In a professional sense within a closed group, the goals of ILE and ESI are sufficiently different. The ESI doesn't hesitate to openly talk about why such-and-such "tasty" project was given to someone else and not to the ESI. The worst the ILE can say here (which he usually does) is to say something akin "it was done in all fairness" or "for everyone equal treatment". The ESI has a completely different sense of what is fair - if he has invested the efforts, there should be some benefit, some positive result. If this is what he sees happening around him, the ESI will be a good worker. If the ESI sees that people who are "less deserving" in his eyes are getting promoted - he will actively oppose this, if he has powers - then formally, if he doesn't have powers - then informally, through private conversations i.e. try to prepare the ground, because sooner or later the balance of power may change. The ILE thinking about the project can completely forget about personnel and relations - the ESI never forgets this.
Artebast (ILE): I'm very familiar with only one person of type ESI - that is my mother. I won't describe our relationship here, as relations mother-daughter are responsible for a large share of our relational complexities rather than our Socionics TIMs. On the whole, for the ILE having an ESI mother is not the worst situation - there is some support over weak functions, plus ESIs are usually caring people, such that I didn't feel lacking in love and care as a child. Now we have a rather smooth relationship, but at a large distance. There is no question, of course, about any kind of personal understanding and closeness. There is my attitude "mother cannot be abandoned" and respect - this is how we keep together.

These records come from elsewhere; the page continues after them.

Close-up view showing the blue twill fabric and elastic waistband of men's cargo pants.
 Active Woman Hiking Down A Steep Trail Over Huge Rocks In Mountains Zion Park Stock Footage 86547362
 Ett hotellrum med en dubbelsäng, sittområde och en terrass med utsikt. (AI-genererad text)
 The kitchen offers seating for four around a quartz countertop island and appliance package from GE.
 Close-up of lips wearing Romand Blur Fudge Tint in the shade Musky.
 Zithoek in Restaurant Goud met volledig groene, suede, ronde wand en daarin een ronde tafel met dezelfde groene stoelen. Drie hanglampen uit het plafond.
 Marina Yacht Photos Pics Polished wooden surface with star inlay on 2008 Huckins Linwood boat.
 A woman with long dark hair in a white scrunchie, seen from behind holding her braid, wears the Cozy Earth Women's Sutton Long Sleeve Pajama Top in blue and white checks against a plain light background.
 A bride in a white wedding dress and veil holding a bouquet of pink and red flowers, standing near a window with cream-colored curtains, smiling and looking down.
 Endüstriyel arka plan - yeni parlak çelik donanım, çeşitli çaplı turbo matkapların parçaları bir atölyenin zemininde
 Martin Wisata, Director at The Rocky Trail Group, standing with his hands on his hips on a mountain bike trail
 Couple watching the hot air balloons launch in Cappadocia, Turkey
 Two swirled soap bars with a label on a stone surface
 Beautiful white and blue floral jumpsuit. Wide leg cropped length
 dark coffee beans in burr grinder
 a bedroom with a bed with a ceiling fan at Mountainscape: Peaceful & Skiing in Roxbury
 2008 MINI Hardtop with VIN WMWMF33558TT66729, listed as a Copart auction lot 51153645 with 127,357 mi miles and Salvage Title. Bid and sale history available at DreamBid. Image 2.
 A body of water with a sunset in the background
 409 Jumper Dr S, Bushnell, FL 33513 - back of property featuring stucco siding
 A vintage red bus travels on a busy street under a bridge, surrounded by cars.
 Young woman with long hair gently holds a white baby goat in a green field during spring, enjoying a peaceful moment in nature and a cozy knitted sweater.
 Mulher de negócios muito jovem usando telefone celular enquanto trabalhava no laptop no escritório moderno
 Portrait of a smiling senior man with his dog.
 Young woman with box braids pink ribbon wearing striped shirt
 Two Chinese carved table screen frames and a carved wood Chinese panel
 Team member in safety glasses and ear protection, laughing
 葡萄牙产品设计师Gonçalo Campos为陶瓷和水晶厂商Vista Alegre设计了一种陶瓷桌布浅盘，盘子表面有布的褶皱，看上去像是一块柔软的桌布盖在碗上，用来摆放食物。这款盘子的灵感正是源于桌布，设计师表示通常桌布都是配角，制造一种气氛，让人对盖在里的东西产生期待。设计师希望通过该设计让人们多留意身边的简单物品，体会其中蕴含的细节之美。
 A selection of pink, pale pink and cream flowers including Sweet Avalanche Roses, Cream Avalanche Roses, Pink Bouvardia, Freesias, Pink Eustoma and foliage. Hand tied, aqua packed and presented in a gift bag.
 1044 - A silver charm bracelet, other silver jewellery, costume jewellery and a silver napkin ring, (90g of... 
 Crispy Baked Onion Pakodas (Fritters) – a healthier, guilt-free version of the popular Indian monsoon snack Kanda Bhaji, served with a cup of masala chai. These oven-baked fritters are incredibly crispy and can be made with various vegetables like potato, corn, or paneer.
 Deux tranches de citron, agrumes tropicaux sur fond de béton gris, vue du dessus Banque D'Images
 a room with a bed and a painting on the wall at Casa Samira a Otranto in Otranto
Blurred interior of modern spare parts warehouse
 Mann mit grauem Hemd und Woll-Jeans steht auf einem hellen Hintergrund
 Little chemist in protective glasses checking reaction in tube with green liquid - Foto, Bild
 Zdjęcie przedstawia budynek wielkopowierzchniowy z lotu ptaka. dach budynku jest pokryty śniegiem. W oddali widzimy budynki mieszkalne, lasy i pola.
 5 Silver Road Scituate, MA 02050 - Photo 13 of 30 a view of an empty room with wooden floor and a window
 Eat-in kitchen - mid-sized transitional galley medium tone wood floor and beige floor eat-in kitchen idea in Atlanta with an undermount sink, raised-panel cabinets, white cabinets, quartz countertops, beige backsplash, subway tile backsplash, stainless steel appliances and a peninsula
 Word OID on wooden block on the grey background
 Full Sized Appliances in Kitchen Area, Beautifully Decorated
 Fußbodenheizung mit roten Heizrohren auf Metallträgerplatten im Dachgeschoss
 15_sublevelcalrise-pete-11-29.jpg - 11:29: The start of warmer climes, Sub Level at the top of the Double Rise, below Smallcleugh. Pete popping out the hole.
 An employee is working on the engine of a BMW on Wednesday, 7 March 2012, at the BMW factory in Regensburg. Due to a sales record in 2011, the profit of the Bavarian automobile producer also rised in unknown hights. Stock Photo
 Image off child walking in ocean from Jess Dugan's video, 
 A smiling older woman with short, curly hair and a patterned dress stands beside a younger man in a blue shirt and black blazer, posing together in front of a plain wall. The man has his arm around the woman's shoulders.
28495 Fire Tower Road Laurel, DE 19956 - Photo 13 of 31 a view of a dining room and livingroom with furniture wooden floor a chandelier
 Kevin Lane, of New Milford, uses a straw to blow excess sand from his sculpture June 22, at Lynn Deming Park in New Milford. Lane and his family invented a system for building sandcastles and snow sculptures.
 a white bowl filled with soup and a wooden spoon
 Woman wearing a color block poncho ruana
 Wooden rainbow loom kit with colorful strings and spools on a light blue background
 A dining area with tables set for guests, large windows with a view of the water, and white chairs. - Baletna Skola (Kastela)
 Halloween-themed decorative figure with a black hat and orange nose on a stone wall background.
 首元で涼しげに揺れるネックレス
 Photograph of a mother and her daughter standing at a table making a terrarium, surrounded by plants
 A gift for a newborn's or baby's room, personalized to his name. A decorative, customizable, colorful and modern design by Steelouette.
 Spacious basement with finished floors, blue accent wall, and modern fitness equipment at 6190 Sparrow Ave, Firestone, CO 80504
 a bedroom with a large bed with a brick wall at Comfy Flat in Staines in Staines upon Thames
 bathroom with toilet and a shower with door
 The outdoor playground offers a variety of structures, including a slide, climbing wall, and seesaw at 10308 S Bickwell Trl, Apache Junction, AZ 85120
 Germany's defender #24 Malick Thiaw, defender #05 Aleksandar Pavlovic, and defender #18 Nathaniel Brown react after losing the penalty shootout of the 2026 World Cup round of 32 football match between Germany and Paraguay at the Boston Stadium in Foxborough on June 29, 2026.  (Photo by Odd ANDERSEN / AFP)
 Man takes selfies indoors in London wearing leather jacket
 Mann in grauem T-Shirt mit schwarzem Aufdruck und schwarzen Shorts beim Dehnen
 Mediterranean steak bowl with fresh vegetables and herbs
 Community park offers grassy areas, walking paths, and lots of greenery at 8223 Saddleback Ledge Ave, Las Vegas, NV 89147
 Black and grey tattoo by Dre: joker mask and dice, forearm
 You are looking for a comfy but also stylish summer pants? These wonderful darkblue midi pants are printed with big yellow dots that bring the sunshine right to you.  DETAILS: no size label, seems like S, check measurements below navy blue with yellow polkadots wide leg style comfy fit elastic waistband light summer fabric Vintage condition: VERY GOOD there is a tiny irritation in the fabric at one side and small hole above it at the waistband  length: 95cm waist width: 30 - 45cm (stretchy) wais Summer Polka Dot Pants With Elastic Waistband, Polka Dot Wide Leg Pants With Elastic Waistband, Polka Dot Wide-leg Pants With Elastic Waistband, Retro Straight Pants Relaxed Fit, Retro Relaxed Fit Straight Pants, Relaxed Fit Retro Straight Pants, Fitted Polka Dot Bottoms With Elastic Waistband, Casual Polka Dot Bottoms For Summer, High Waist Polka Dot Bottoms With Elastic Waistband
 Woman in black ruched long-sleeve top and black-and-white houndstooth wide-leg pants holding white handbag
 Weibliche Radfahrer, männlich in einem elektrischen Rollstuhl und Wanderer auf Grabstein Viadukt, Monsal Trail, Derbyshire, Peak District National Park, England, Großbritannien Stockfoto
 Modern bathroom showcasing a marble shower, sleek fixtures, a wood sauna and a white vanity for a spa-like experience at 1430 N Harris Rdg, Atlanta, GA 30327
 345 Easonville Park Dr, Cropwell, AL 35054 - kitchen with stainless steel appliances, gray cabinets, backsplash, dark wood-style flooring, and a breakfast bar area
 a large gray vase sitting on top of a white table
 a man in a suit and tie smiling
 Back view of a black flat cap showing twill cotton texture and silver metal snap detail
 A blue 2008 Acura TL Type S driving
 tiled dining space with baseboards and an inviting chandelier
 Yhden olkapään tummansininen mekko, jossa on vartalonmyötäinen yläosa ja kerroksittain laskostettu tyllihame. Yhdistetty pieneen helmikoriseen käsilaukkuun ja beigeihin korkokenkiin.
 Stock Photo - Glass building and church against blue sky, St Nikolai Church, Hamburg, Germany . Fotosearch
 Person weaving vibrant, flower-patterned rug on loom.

As a distance, ESIs make a good impression. These are people who seem to be "as is needed and appropriate", that is, they evoke the thought "this is how a woman or a man should be". Everything in their life is conducted correctly, with integrity, and without excess. They are just the right measure sociable, and just the right measure beautiful. In past, I've had several opportunities to begin relationships with ESIs, but due to painful Fi and a sense of psychological discomfort I soon feel that I cannot open up with this person - that I won't be accepted as I am, that we're on "different frequencies". Communication with ESI is full of small talk - there is a list of acceptable conversation topics, and as soon as you step a little bit beyond this, the other is shocked: "what is he/she talking about?!" Thus, our communication turns out to be empty.
I have also worked with a few ESIs - as teachers, scientific director, and the head of our department. In all cases I did all the work myself, after specifying with the ESI what result is needed, which in itself is not easy because they are not keen on explaining anything. Here, the main thing is to not talk about the process of how you're working, but to show ESI the result. And again - keep all communication on formal level.
A few words for why ILEs shouldn't try to build serious relations with ESIs:
- If living together, the element of surprise is completely lost from ILE's life. Arranging pleasant surprises for the ESI doesn't work - she gets scared, and even if she liked the surprise the first reaction is such that there is no wish to ever surprise her again. If the ILE wants to travel with or without the ESI to some new place, a huge amount of time is spent on explaining that "it's not dangerous". Any initiative is extinguished by a frightened look: "why do you need this?" This is a disaster for irrational ILE for whom life consists of finding good chances and opportunities and opening new horizons. Turning his own life into a swamp, even if a stable one, is not an option.
- Cheerfulness. There is a feeling that ESIs are afraid to enjoy life. They think that once they relax even a little and show some weakness, the villain-fate will immediately trip them over. "Everything is too good - expect trouble." ESIs prefer to be always alert and apprehensive about something. As a result, it never happens that the ESI is fully satisfied; he/she will always point out some negative - as a "preventative measure".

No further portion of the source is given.